La loi n'intervient que pour du moins prévenir sinon limiter les externalités négatives des œuvres sociales accidentelles et des rapports humains aléatoires. Dans bien des cas, l’inaction et la timidité dans l’encadrement des faits sociaux qui s’apparentent à du bricolage est une intervention obligée et utilitariste de la main visible, tel un cerf-volant davantage dans le sillage du vent, processus de maturation fait de chocs et de confrontations, que dans la direction des mains du tenant, de l’autorité constituante.

Pour autant que la loi, bouc émissaire, parvienne à porter la responsabilité des peines, des prises et des emprises jusqu'à masquer le bilan des préjudices subis, elle joue son rôle essentiel de préservation de la paix sociale et de l’ordre public.
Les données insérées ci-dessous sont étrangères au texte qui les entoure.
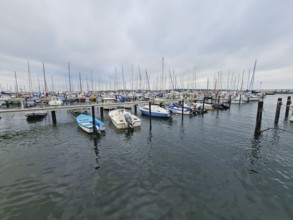 Expansive view of numerous boats in the harbour, surrounded by water and a cloudy sky, Laboe, Kiel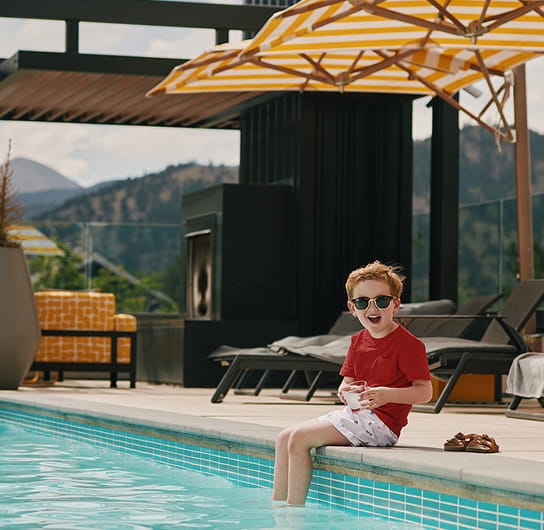 little boy by pool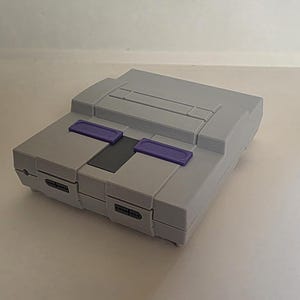 Op de afbeelding: Een grijze Super Nintendo Entertainment System (SNES) console. De console heeft een rechthoekige vorm met paarse knoppen en een zwart paneel. Het ontwerp is een klassieke retro gaming console.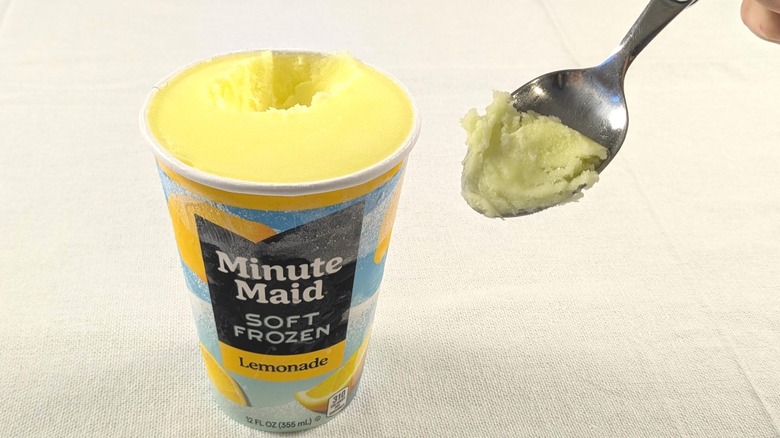 A spoon scooping out some frozen lemonade from a Minute Maid container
Légiférer, c'est saisir les opportunités de l'instant, c'est bricoler avec les formes et les couleurs du temps présent.

Ce qui donne force au droit, c’est la possibilité pour les populations de le reconnaître comme le verdict de leur propre raison. La puissance publique ne garantit pas le respect aux normes établies si les autorités ne misent pas sur la correspondance entre les thèses répandues et les textes régissant. Jamais décision de pouvoir public n’est aussi forte et légitime que celle qui rencontre l’agrément populaire. Convaincre continuellement ; vaincre nullement.